DATASET: Begin

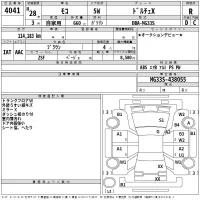 Nissan MOCO лот № 4041 оценка R  с аукциона в Японии 2
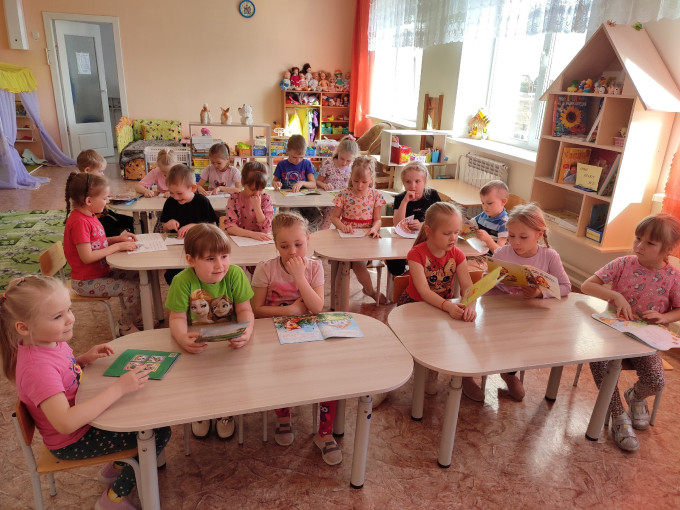 День новой книги День новой книги.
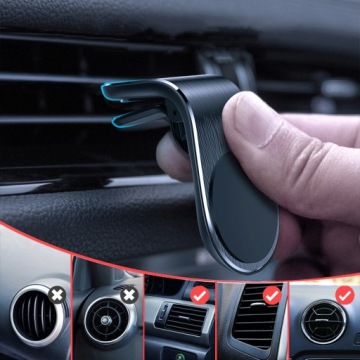 МИНИ МАГНИТНЫЙ АВТОДЕРЖАТЕЛЬ ДЛЯ АВТОМОБИЛЬНЫХ ВЕНТИЛЯЦИОННЫХ РЕШЕТОК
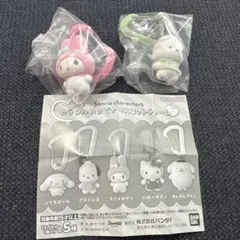 カラフル カラビナ マスコットチャーム 2点セット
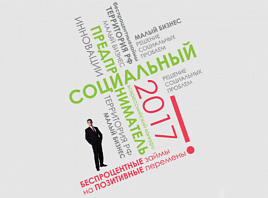 Идет прием заявок на всероссийский конкурс проектов «Социальный предприниматель – 2017»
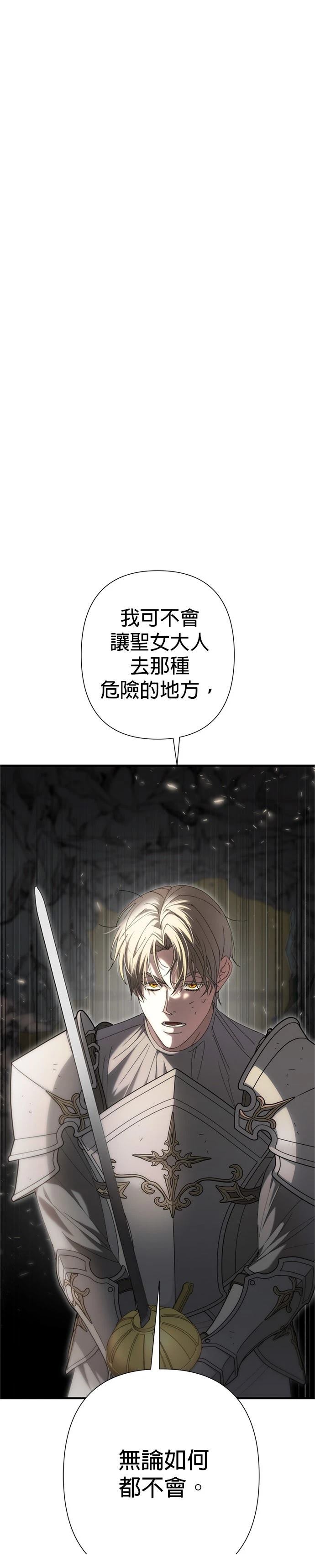第17话20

DATASET: End

» **EXERCISE BRIEF**: Beginning with the line that contains "МИНИ МАГНИТНЫЙ АВТОДЕРЖАТЕЛЬ" and ending with the last line of the data, transcribe each line exactly; pictures stay out.

» **TASK ANSWER**:
 МИНИ МАГНИТНЫЙ АВТОДЕРЖАТЕЛЬ ДЛЯ АВТОМОБИЛЬНЫХ ВЕНТИЛЯЦИОННЫХ РЕШЕТОК
 カラフル カラビナ マスコットチャーム 2点セット
 Идет прием заявок на всероссийский конкурс проектов «Социальный предприниматель – 2017»
第17话20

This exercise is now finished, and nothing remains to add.